--- STUDY MATERIAL ---

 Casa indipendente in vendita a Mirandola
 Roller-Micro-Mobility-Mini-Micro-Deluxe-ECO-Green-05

---
--- STUDY MATERIAL ---

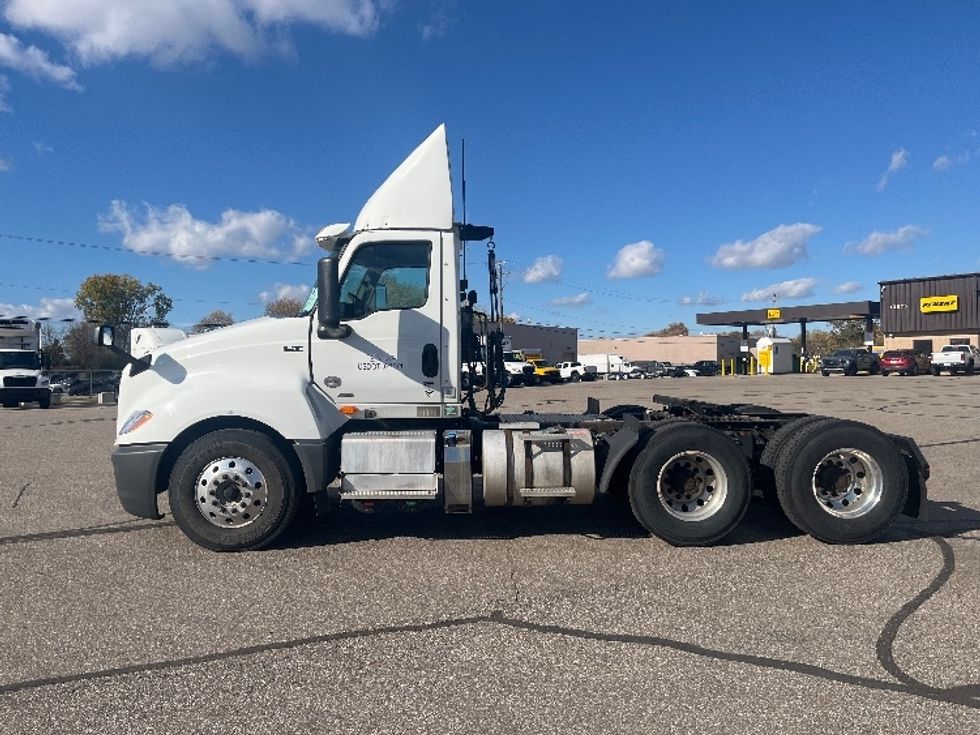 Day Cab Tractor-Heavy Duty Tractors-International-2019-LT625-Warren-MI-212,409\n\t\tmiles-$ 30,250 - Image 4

---
--- STUDY MATERIAL ---

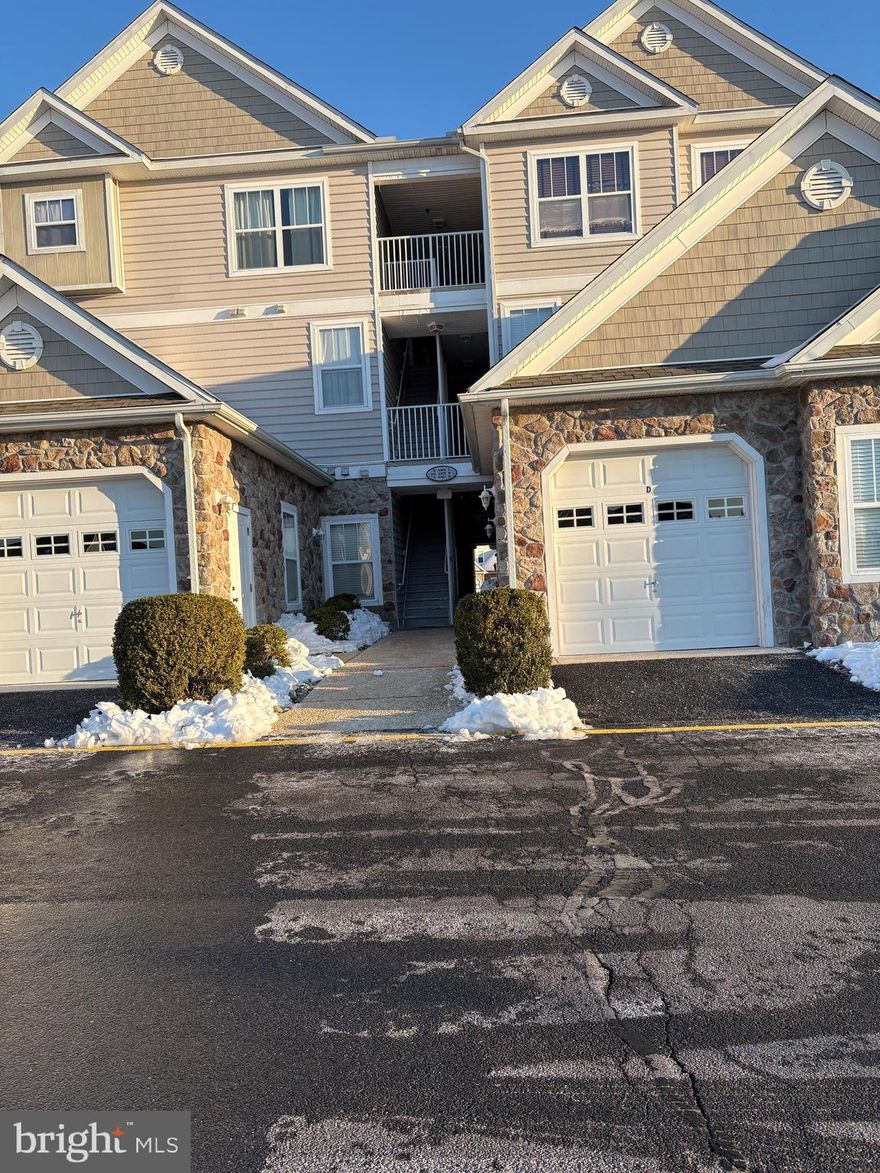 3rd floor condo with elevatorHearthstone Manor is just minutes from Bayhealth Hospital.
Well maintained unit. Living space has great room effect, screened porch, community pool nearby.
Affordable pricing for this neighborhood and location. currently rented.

---

YOUR ASSIGNMENT: For this exercise, set down the lines in the entries above from the one with "3rd floor condo" through the one with "Affordable pricing for" exactly as written, without any pictures.

ANSWER TO THE EXERCISE:
 3rd floor condo with elevatorHearthstone Manor is just minutes from Bayhealth Hospital.
Well maintained unit. Living space has great room effect, screened porch, community pool nearby.
Affordable pricing for this neighborhood and location. currently rented.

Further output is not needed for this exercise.